Опыт Германии, Англии, Франции доказал, что предотвратить крах можно лишь с помощью государственного регулирования экономики. И меньшевики, и эсеры как правительственные партии, продолжал Милютин, «старались путем ряда уступок войти в соглашение с буржуазией, заставить ее пойти по западноевропейскому пути…» Но те меры, которые строились не на инициативе и самодеятельности самих трудящихся, оказались лишь бюрократическими «подновленными проектами старого режима». В итоге у правительства не оказалось «никакой системы, которая дала бы возможность бороться с экономическим кризисом»
[762]
.
Главный вывод Милютина: экономическое положение России требует «революционных экономических мероприятий». Это доказывала сама жизнь, ибо в тех местах, где явочным порядком вводился рабочий контроль, он оказывался действенным средством «в борьбе с разрухой, и там… положение действительно улучшалось». Было бы целесообразным привлекать в органы контроля «инженеров, а в некоторых отраслях даже предпринимателей». Но этому мешает саботаж с их стороны. Аналогичная ситуация в деревне. «Когда мы, – говорил Милютин, – выставили лозунг захвата земель, для нас совершенно ясно было, что помещики будут саботировать… Нас ругали демагогами. Но вот пример: в Поволжье, где был широко проведен захват земель, в то время как у помещиков более 50 % земель осталось незасеянными, у крестьян посевная площадь увеличилась на 20 %». И это тоже убеждает, что «только государственная власть, опирающаяся на рабочих и народные массы, сможет справиться с экономическим развалом»
[763]
.
Взвешенный доклад Милютина бурных прений не вызвал и разговор пошел по существу. Харитонов говорил о том, что принципиальная оценка всего арсенала средств государственного регулирования экономики, испробованного на Западе – национализации, прогрессивного подоходного налога, частичного изъятия прибылей капиталистов, всеобщей трудовой повинности и т. д. – зависит от того, в чьих руках находится власть и кем они вводятся: «если пролетариатом – это мера социалистическая, если буржуазией – это каторжные цепи для рабочего класса». Ломов предупреждал от возможных иллюзий, будто рабочий контроль – не во всероссийском масштабе, – а «на отдельных фабриках может привести к улучшению положения». И в этой связи Валерьян Осинский вообще усомнился в целесообразности – до взятия власти – лозунга контроля, а Артем Сергеев – требования всеобщей трудовой повинности
[764]
. Большевик-экономист Дмитрий Боголепов отметил, что инфляция, при существующей государственной монополии на хлебную торговлю, «превращает крестьян поголовно в спекулянтов. При этой системе в центральных губерниях голод может наступить даже в урожайный год». А это «может привести не только к голодным бунтам, но и к полной анархии – голодной революции». И в такой экстремальной ситуации, с которой правительство явно не справится, «необходим решительный план, вплоть до введения голодного коммунизма»
[765]
.
Разброс мнений и оценок был достаточно широким. Но необходимость единства была осознана. И оно складывалось в ходе свободного обмена мнениями. Резолюцию, определявшую требования и детальные меры, необходимые для предотвращения общенациональной экономической катастрофы, приняли 102 голосами при двух воздержавшихся. Точно так же 3 августа, на последнем, 15-м заседании, всеми голосами при четырех воздержавшихся приняли выработанную комиссией резолюцию «О политическом положении».

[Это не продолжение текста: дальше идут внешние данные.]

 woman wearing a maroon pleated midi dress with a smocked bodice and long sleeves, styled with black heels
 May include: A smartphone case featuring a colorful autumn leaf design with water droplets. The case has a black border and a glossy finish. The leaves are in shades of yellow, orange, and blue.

Ее компромиссный характер был очевиден. Но это был «здоровый» компромисс. В 8-й пункт включили фрагмент резолюции Московской областной конференции о необходимости расширения влияния и защиты всех массовых организаций – и прежде всего Советов – от посягательств контрреволюции, который нисколько не противоречил ленинским тезисам. В конце резолюции указывалось, что пролетариат «должен направить все усилия на организацию и подготовку сил [слова: «к решительному бою», которые были в тезисах, сняли – В.Л.] к моменту, когда общенациональный кризис и глубокий массовый подъем создадут благоприятные условия для [слов «такого боя» – нет. – В.Л.] перехода бедноты города и деревни на сторону рабочих – против буржуазии… Задачей этих революционных классов явится тогда напряжение всех сил для взятия государственной власти в свои руки…»
[766]
.
Слово «бой» осталось в другой фразе: «Пролетариат не должен поддаваться на провокацию контрреволюции, которая очень желала бы в данный момент вызвать его на преждевременный бой». И когда Юренев из цензурных соображений предложил и в этом месте заменить слово «бой» на «выступление», Сталин ответил ему: «Съезд не может исходить из “криминальности” того или иного выражения. Если мы заменим слово “бой” словом “выступление”, то создастся впечатление, будто мы отказываемся от всяких выступлений (демонстраций, стачек и т. д.)…»
[767]
.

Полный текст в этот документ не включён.